I nove Anelli degli Uomini
Eregion, circa 1.500 S.E. – Distrutti al termine della Terza Era
“Nove agli Uomini mortali che la triste morte attende” è il passo della celebre poesia dell’Anello che si riferisce ai doni che Sauron diede agli Uomini che risposero al suo richiamo per sete di potere, cupidigia, crudeltà o paura.
Insieme ai fabbri di Eregion, quando ancora egli ancora si paludava d’un bel sembiante e del nome di Annatar, Signore dei Doni, egli guidò la mano degli artieri elfici di Eregion nella creazione di Anelli di Potere, per loro null’altro che strumenti utili a dare maggior potere ai Grandi per far più bella la Terra di Mezzo – e forse, chissà, rallentare il declino che è ineluttabile destino di Arda Corrotta.
Ma essi ignoravano l’influsso che Sauron ebbe in questi gioielli.

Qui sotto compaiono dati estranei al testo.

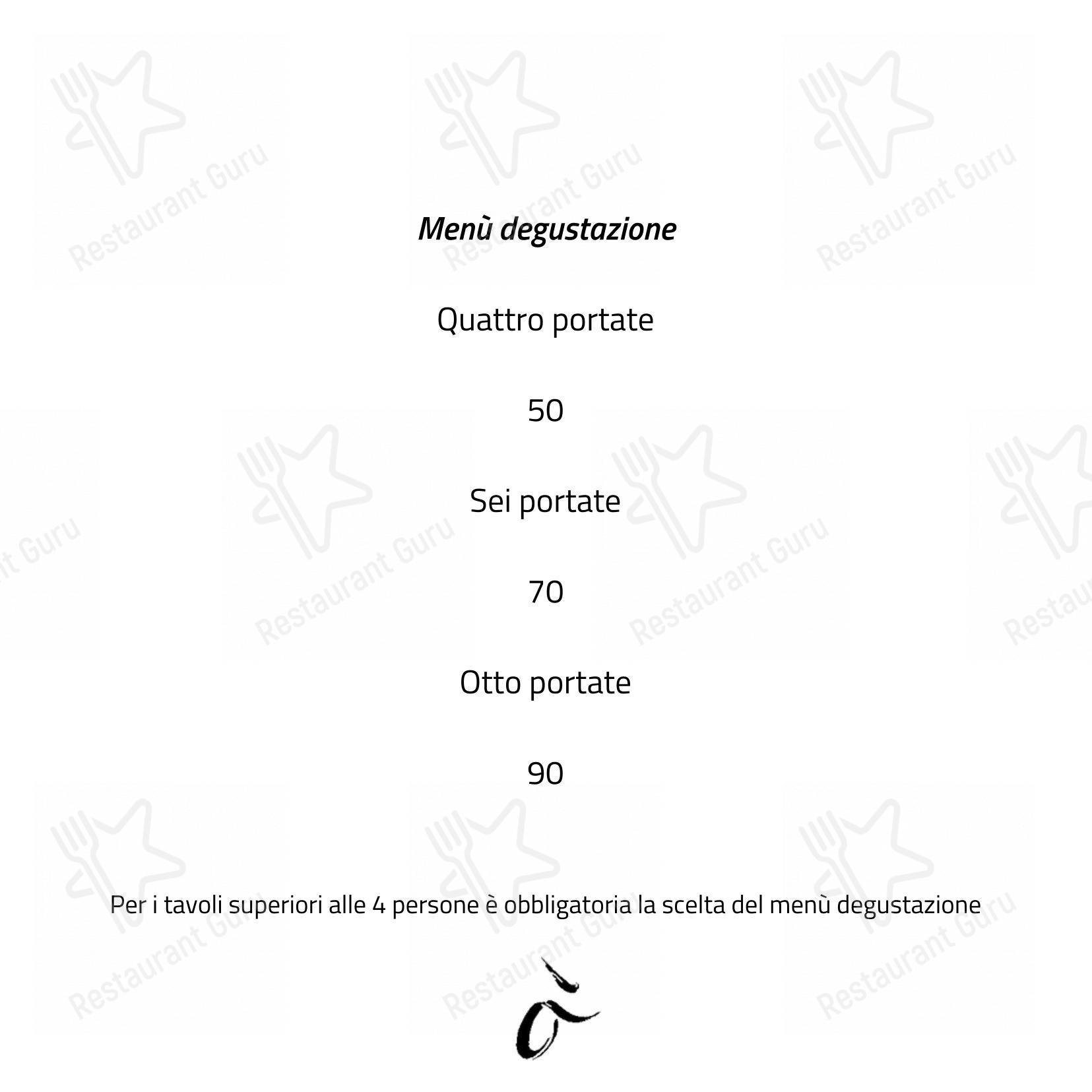 Almatò in Roma - Menu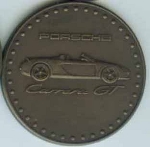 Original Porsche Calendar Coin 2002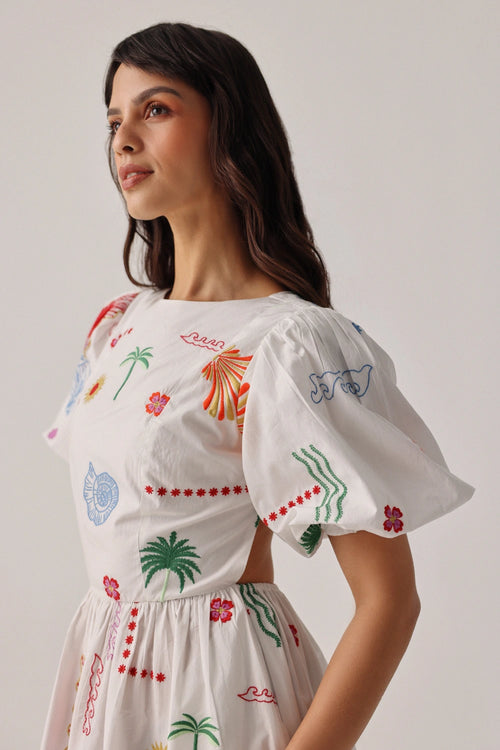 Ecru Isles Lyla Midi Dress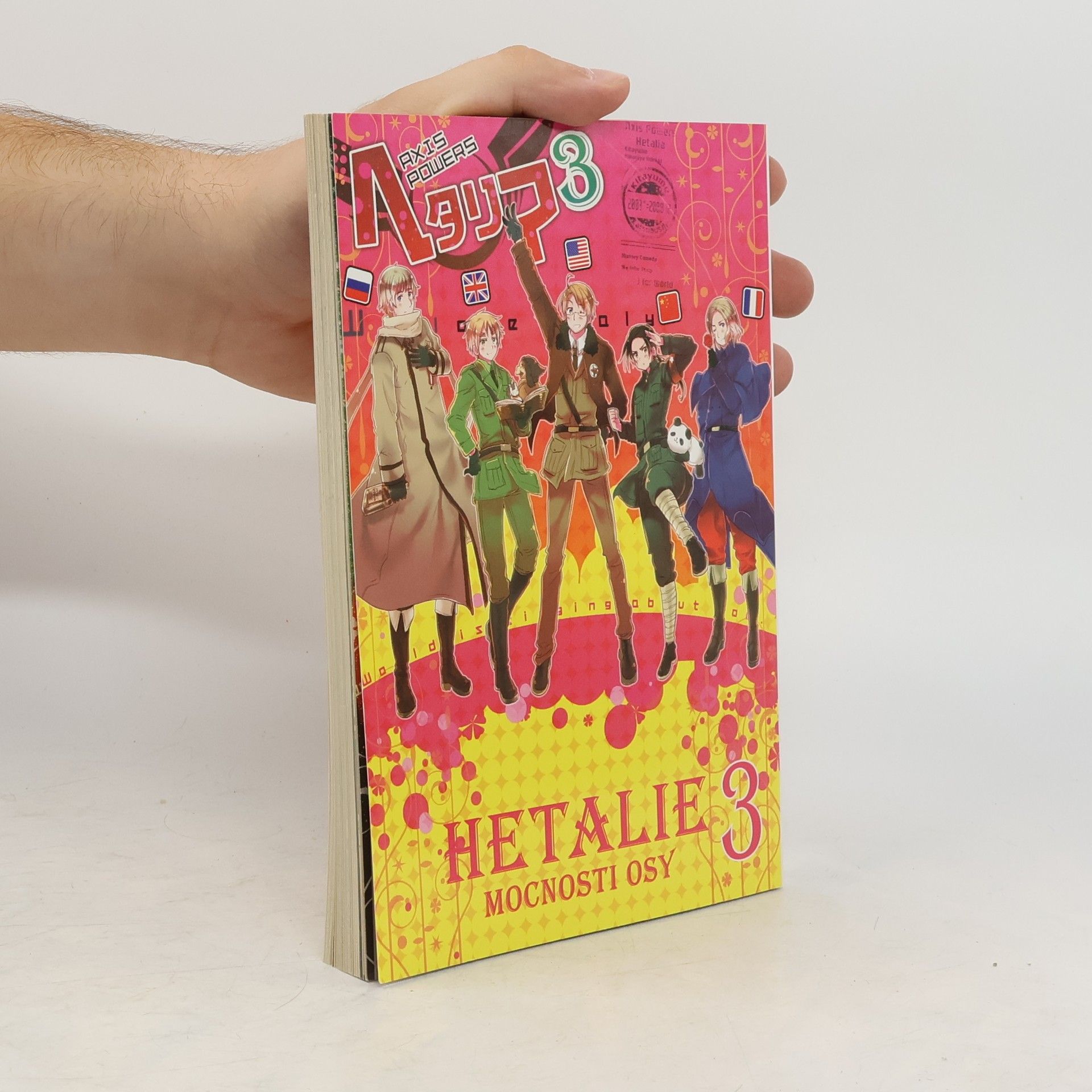 Hidekaz Himaruya Hetalie 3. Mocnosti Osy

Perché con oscure arti egli li intessè di poteri di dominio, sulle sostanze e gli accidenti, non tali da modificare le regole del mondo ma sufficienti a elevare i suoi destinatari a un livello più alto di quello dei comuni Figli di Ilùvatar.
E così concepì l’idea di farne dono agli Uomini, che più di ogni altra specie ambiva al potere sopra ai propri simili in un’epoca nella quale, al di fuori di Nùmenor, pochi erano gli Amici degli Elfi e ancor meno coloro che serbavano ricordi delle grandi Case degli Edain e del loro ruolo nella guerra contro il Grande Nemico.

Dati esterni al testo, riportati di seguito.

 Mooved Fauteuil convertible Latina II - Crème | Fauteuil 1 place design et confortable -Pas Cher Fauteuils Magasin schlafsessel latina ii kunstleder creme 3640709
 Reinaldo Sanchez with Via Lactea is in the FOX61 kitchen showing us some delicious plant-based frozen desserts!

Nove ne furono creati. E quando Sauron, infine rivelatosi, forgiò l’Unico nelle profondità del Monte Fato, immediatamente ad esso furono avvinti, perché troppo grande era l’influenza ch’egli vi aveva infuso.
Ed essi furono donati a nove Uomini, capi o comandanti di eserciti dei popoli umani che ancora vivevano nella Terra di Mezzo o, come per i Nùmenoreani, spesso vi si recavano, celando con l’ardimento e la scoperta l’invidia crescente verso gli Eldar e la loro immortalità. E coloro che li ricevettero, fossero essi discendenti degli Edain o figli di stirpi dell’Est e del Sud della Terra di Mezzo, divennero potenti e temuti Signori tra gli Uomini. Fin quando, uno dopo l’altro, e in un tempo tanto più lungo quanto maggiore era la loro forza interiore, essi cominciarono a svanire, entrando nel Regno delle Ombre e non rispondendo più a nessuno se non all’Unico e a Sauron il suo Signore.
E come la loro forma umana, anche il loro nome e la loro origine è andata perduta nel corso dei secoli, e non rimane nemmeno nei racconti orali dei popoli da cui venivano. Ma i saggi hanno sviluppato alcune ipotesi riguardo alle loro identità. Il Re Stregone di Angmar, e altri due tra i Nazgûl, si dice che fossero di origine Nùmenoreana, e che furono facilmente irretiti da Sauron perché condividevano il suo disprezzo verso gli Elfi e gli Uomini inferiori. Un quarto, che poi crebbe così tanto da divenire il capo in Seconda degli Spettri in virtù della sua connessione con l’Unico, che era in grado di percepire come nessun altro tra i Nazgûl, era di origine Esterling, e di lui si tramanda ancora il nome di Khamûl l’Orientale.
Da dove venissero gli altri cinque, nessuno lo sa. Ma si presumo che tra di loro vi fosse almeno un Uomo di Harad e un membro della stirpe dei Variaghi del Khand, che proprio per questo, nei lunghi secoli che seguirono, sempre si schierarono dalla parte dell’Oscuro Signore contro gli Uomini di Nùmenor e i loro discendenti.
Ma cosa avvenne degli Anelli quando i loro possessori iniziarono a svanire? Vi è chi sostiene che gli Anelli rimanessero in loro possesso, ultimo legame fisico con il mondo dei vivi. Tuttavia riteniamo che così non sia, e che come ripetuto più volte nelle antiche cronache, i Nove fossero infine tornati a Sauron, che attraverso di essi rafforzava il proprio potere in attesa di ritrovare l’Unico, che lo avrebbe completato.
È dunque probabile ch’essi siano andati definitivamente perduti alla caduta di Barad-Dûr, quando il volere che li conservava venne meno, e l’Anello che li teneva avvinti si scioglieva nelle profondità del Monte Fato.